Lord Justice of Appeal
- In office 1988–1995

Justice of the High Court
- In office 1982–1988

= Michael Mann (judge) =

English judge

Sir Michael Mann, PC (9 December 1930 – 14 June 1998) was an English judge. He was a Lord Justice of Appeal from 1988 to 1995.

== Biography ==
Born in Streatham, Michael was the son of Adrian Bernard Mann, CBE, a civil engineer, and of Mary Louise Man (née Keen).

Mann was educated at Whitgift School and King's College, London, where he read Law and took a PhD in international law. Called to the Bar by Gray's Inn in 1953, he worked as a part-time legal assistant at the Foreign Office until 1956 and lectured at the London School of Economics until 1964.

He began to practise at the bar in 1955, specialising in planning law. He was Junior Counsel to the Land Commission (Common Law) between 1967 and 1971, and took silk in 1972. He was appointed a recorder in 1979.
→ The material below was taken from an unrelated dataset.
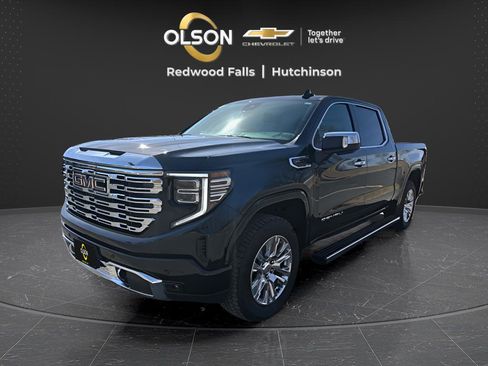 Used 2026 GMC Sierra 1500 Denali image 1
Mann was appointed a Justice of the High Court in 1982, and was assigned to the Queen's Bench Division. As a trial judge, he presided over the murder trial of Dean Hancock and Russell Shankland, who were convicted of the killing David Wilkie, a taxi driver, during the miners' strike of 1984–85. He was appointed a Lord Justice of Appeal in 1988, and retired in 1995 owing to ill-health. On the Court of Appeal, he participated in high-profile cases such as R (Factortame Ltd) v Secretary of State for Transport and R v Secretary of State for Foreign and Commonwealth Affairs, ex p Rees-Mogg. In 1991, he was one of the three judges who quashed the convictions of the Maguire Seven.

Mann married Jean Marjorie Bennett MRCVS in 1957; they had two sons. The marriage was dissolved in 1988. He married Audrey Edith Umpleby in 1989.